## Given data
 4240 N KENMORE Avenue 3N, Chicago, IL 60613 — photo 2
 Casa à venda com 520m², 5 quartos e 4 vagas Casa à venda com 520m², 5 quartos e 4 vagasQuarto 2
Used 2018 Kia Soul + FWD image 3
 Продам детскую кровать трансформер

...

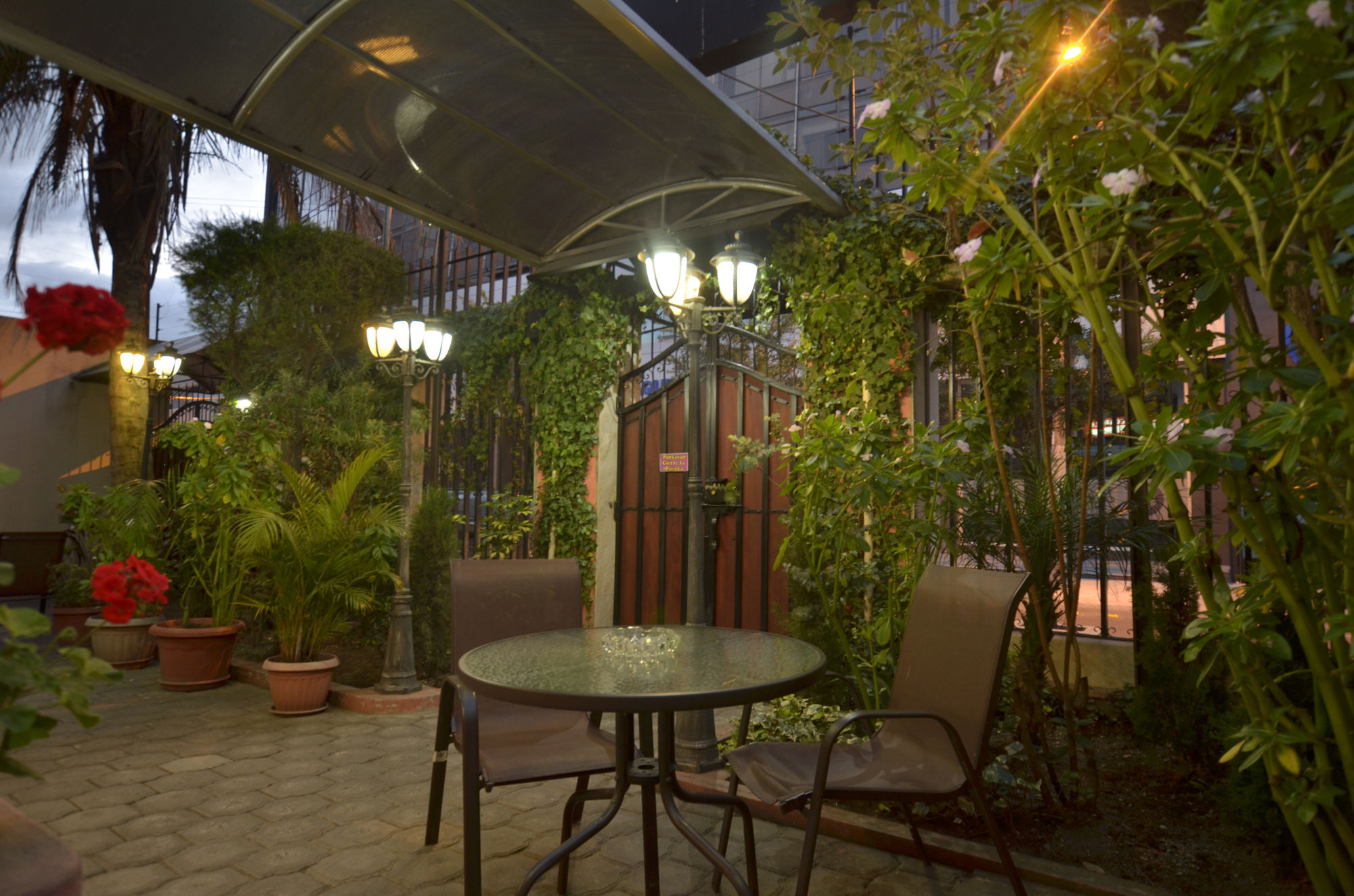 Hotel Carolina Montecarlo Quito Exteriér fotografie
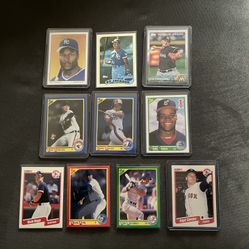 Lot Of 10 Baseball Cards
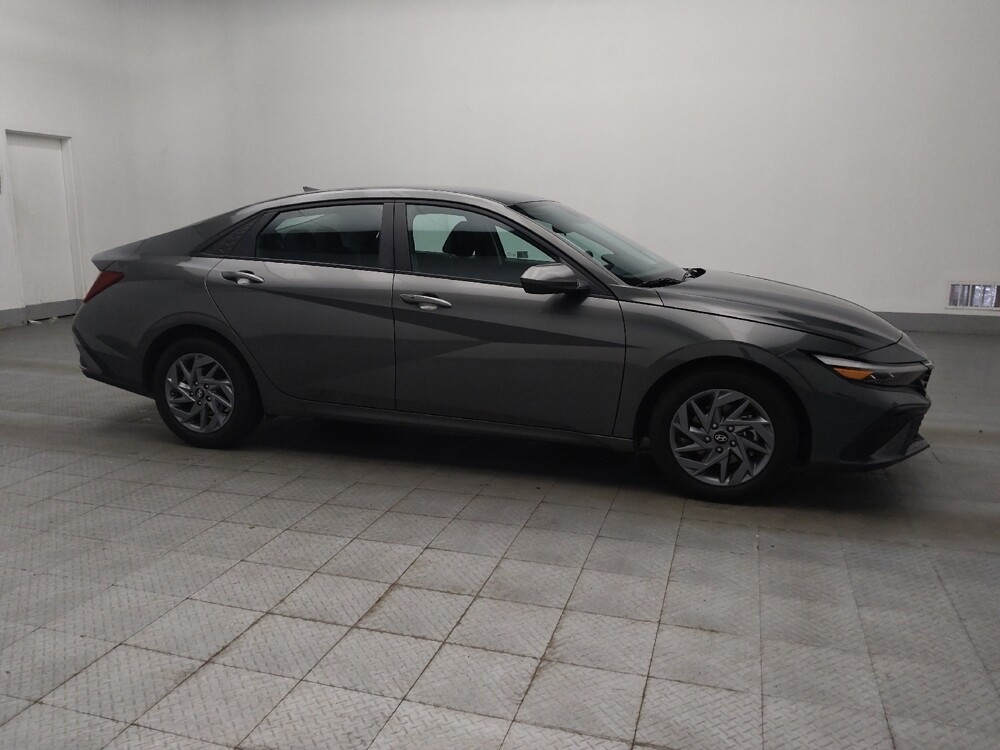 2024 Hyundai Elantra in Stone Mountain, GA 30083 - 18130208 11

---

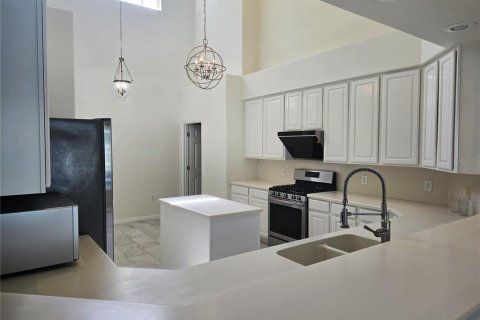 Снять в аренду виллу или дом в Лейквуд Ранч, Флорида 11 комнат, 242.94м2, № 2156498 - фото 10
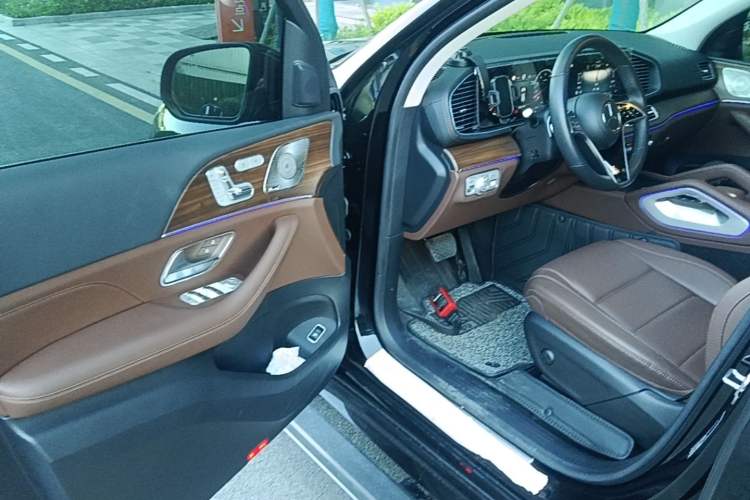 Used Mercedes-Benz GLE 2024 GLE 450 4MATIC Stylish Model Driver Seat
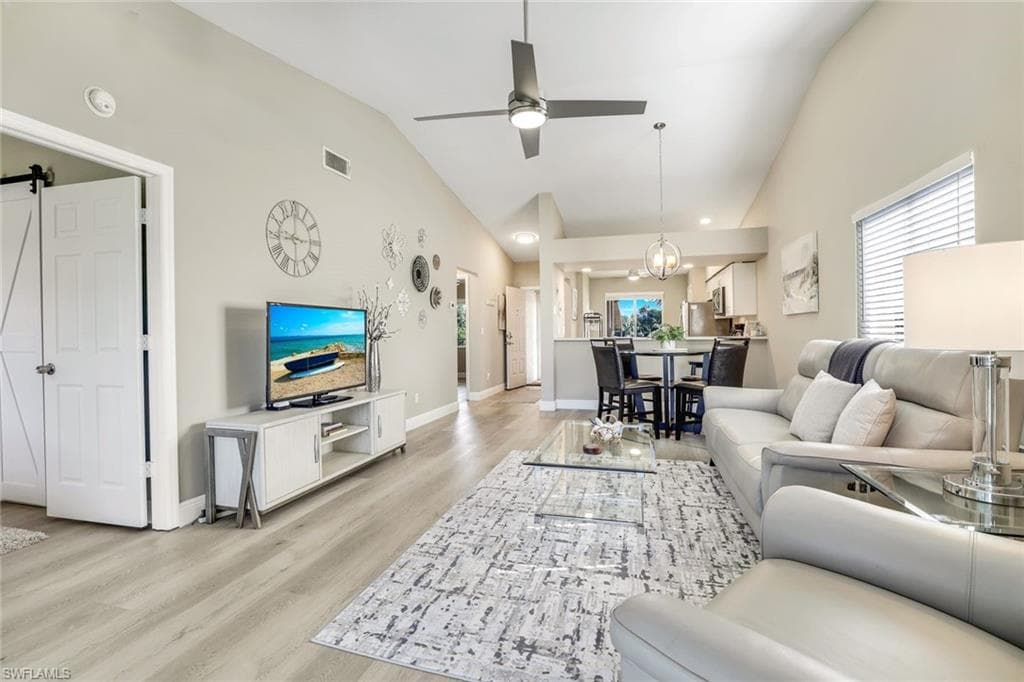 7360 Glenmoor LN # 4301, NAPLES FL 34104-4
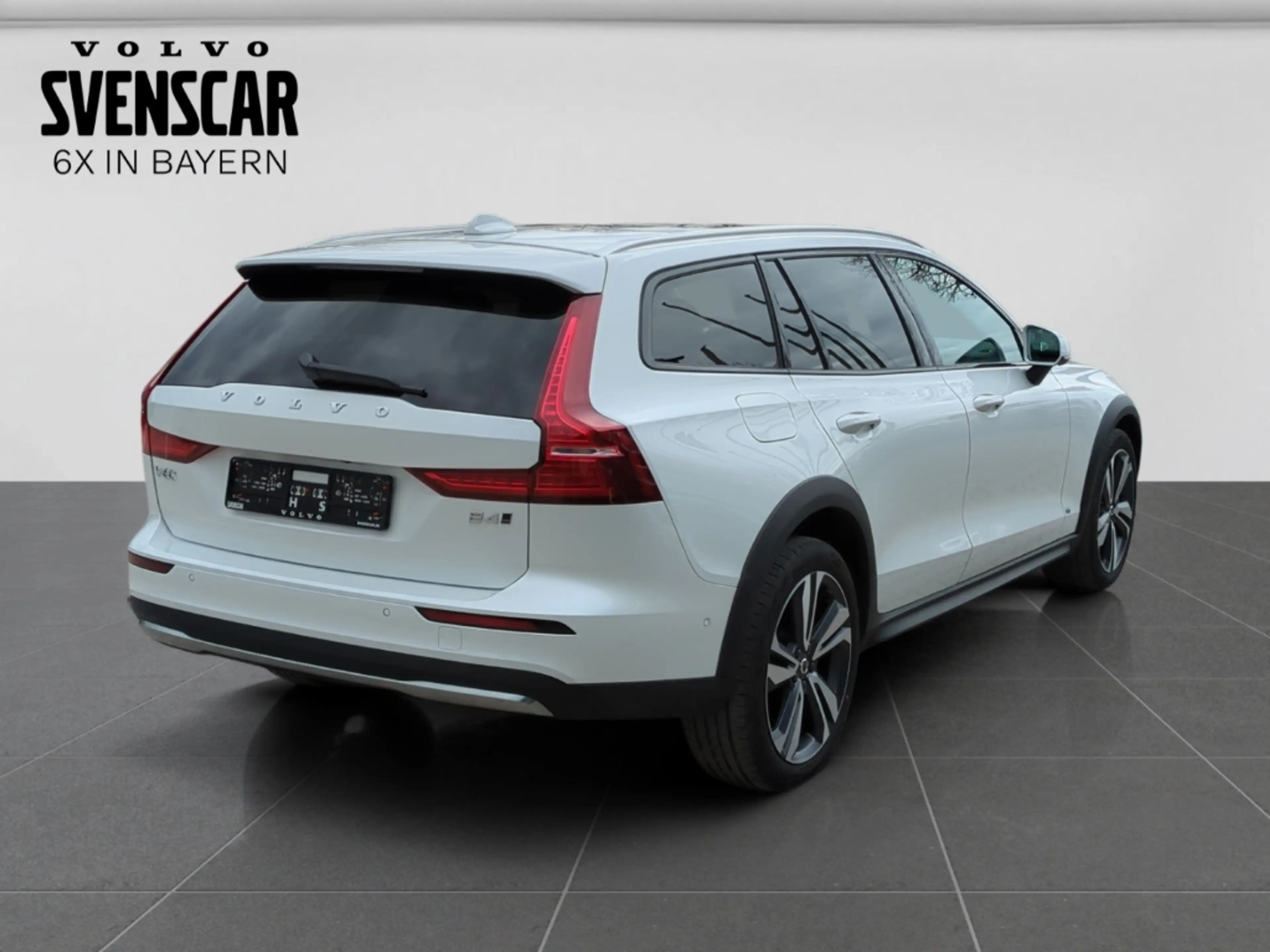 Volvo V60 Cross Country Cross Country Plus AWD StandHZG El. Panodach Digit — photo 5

## What to produce
Could you restate, word for word, the lines above from the one with "Used 2018 Kia Soul + FWD image 3" to the one with "Продам детскую кровать трансформер", both included?

## Solution
Used 2018 Kia Soul + FWD image 3
 Продам детскую кровать трансформер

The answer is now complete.